Krieg gegen die Ukraine

Russland räumt Schwierigkeiten und Fehler im Krieg gegen die Ukraine ein

18.5.2022, 21:01 Uhr
Ein ausgebrannter russischer Panzer vor einem zerstörten Wohnhaus in dem Dorf Mala Rogan, östlich von Charkiw.

© Foto: Aziz Karimov/SOPA Images via ZUMA Press Wire/dpa Ein ausgebrannter russischer Panzer vor einem zerstörten Wohnhaus in dem Dorf Mala Rogan, östlich von Charkiw.

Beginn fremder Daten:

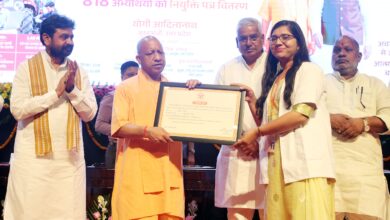 मुख्यमंत्री योगी के हाथों 21 युवाओं को मिला नियुक्ति पत्र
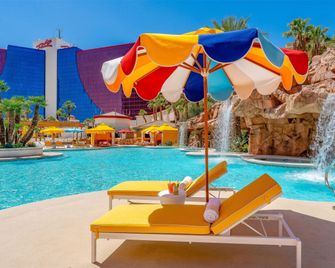Rio Hotel & Casino, a Destination by Hyatt Hotel - Las Vegas - Pool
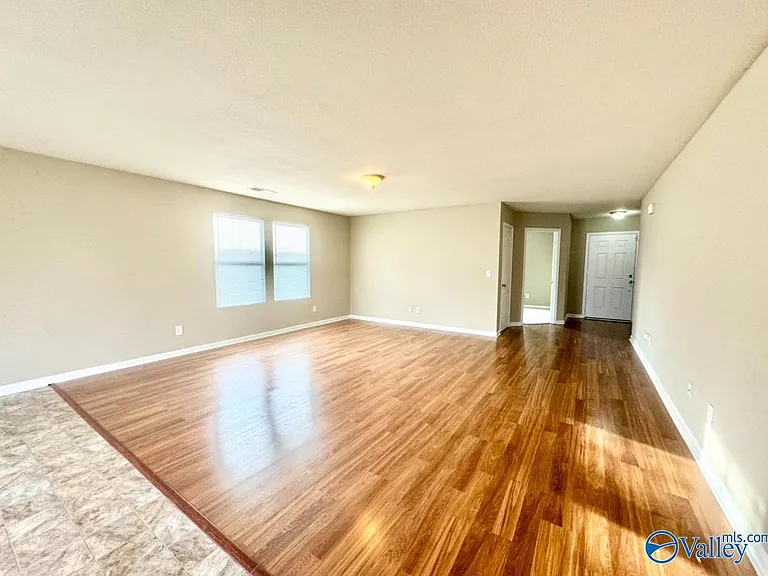 142 Vancouver Rd — Photo 4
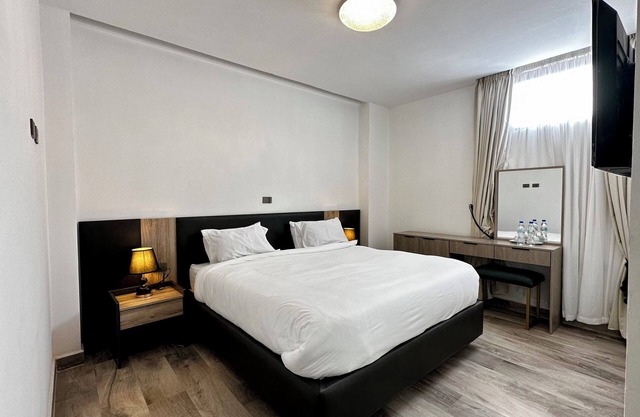 Charming Stay + breakfast 105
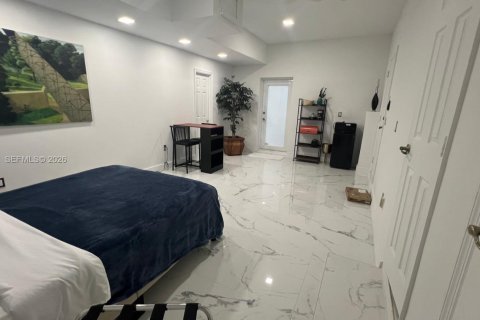 Casa en alquiler en Miami, Florida, 183.2 m2 № 2056690 - foto 2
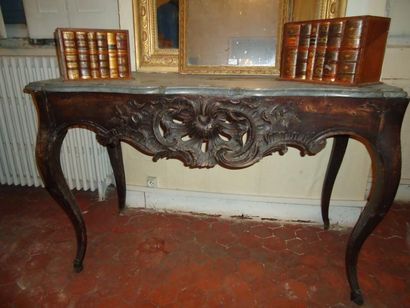 Console en bois sculpté mouluré à décor de...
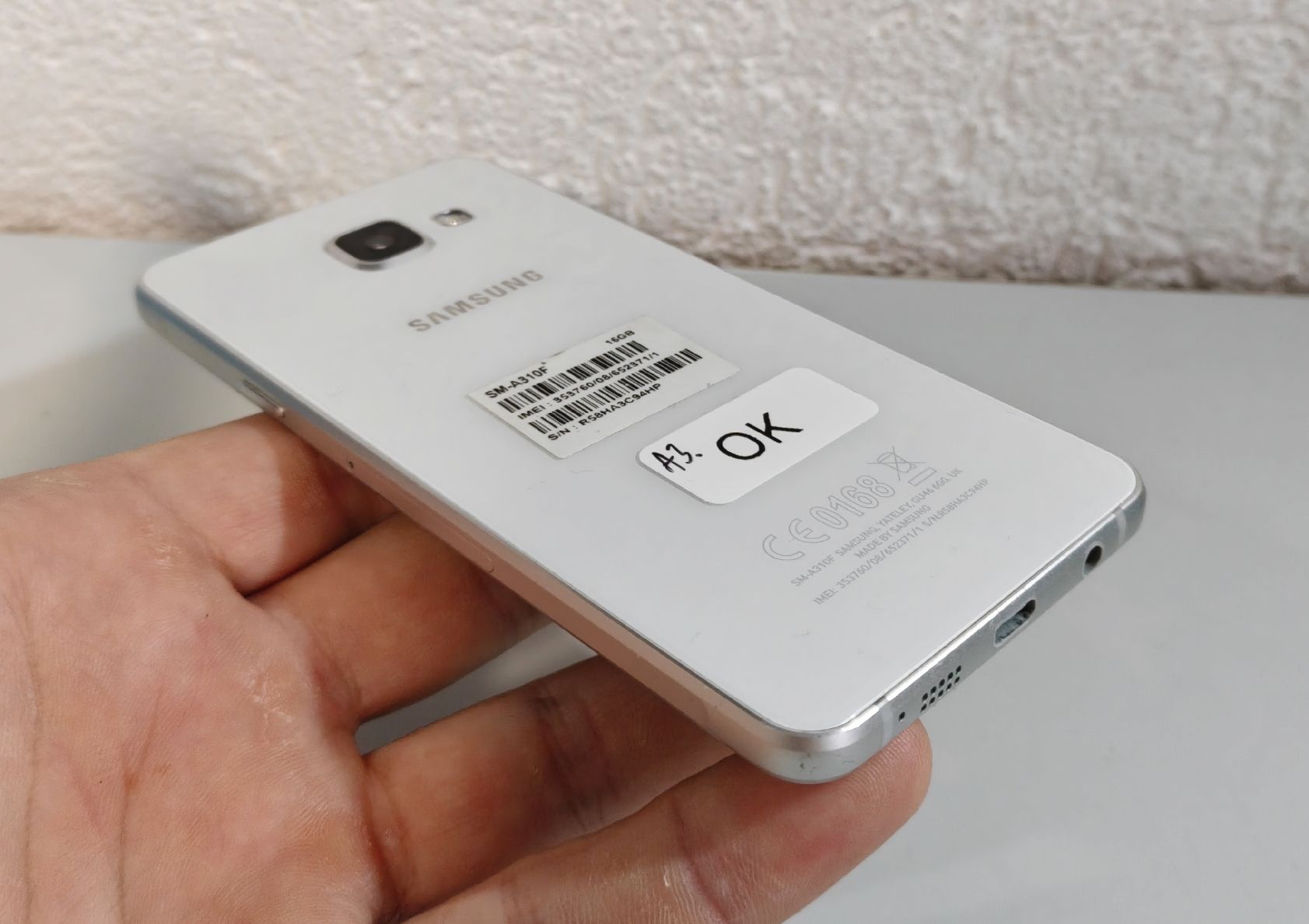 Samsung Telefoni cellulari / Smartphones: Samsung Galaxy A3 – Usato da Ehrendingen venduto da Rocky985 3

+++Russland hat in seinem Angriffskrieg gegen die Ukraine Schwierigkeiten und Fehler eingeräumt, aber eine Fortsetzung der Kämpfe angekündigt. "Trotz aller Schwierigkeiten wird die militärische Spezialoperation bis zum Ende fortgeführt", sagte der stellvertretende Sekretär des nationalen Sicherheitsrates, Raschid Nurgalijew.

Trotz der Waffenlieferungen des Westens an die Ukraine laufe die Operation weiter. Es würden alle "Aufgaben - darunter die Entmilitarisierung und die Entnazifizierung sowie der Schutz der Donezker und Luhansker Volksrepubliken - komplett umgesetzt", sagte der frühere Innenminister.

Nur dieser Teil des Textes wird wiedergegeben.